Decir que Expoartesano es un mercado persa, además de caer en un odioso lugar común, es afectado. Con el riesgo de cometer otro cliché, sería más sensato compararlo con uno como el que encontró Bernal Díaz del Castillo durante la Conquista de México; muchos años después de haberlo visto recuperaba del abismo del olvido a los “mercaderes de oro y plata y piedras ricas, y plumas y mantas y cosas labradas, y otras mercaderías”. La diferencia es que ahora, además de todo lo mencionado por Bernal Díaz, pesan sobre nosotros quinientos años de mestizaje cultural.

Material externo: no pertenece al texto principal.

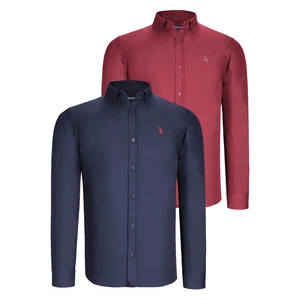 DUAL SET G725 DEWBERRY MENS SHIRT-NAVY BLUE- BURGUNDY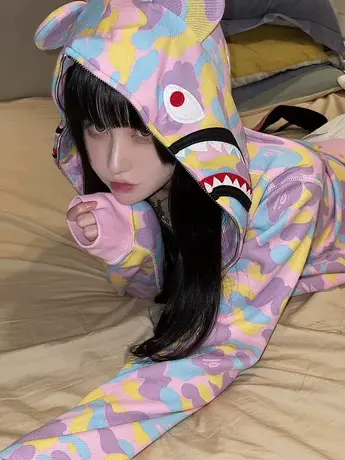 美式复古连帽卫衣女春秋oversize潮牌ins上衣慵懒风薄款开衫外套图片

Pero abandonemos la fantasía y entremos en lo prosaico. El anhelo del estado colombiano de convertir a los artesanos en una fuerza de trabajo se ha cumplido. Gracias a internet pueden ofrecer sus productos sin intermediarios y hacer envíos nacionales o internacionales. Claro que la precarización persiste en muchos casos y el acompañamiento estatal no ha sido completo. Una encuesta psicosocial hecha por Artesanías de Colombia encontró que dentro de las comunidades hay problemas de abusos de sustancias, violencia intrafamiliar y vulneración de derechos humanos.

Es más tentador terminar este artículo con la ensoñación indiana de descansar sobre un chinchorro guajiro, mecerse en la hipnótica suspensión de las cientos de manos anónimas que lo han tejido durante siglos.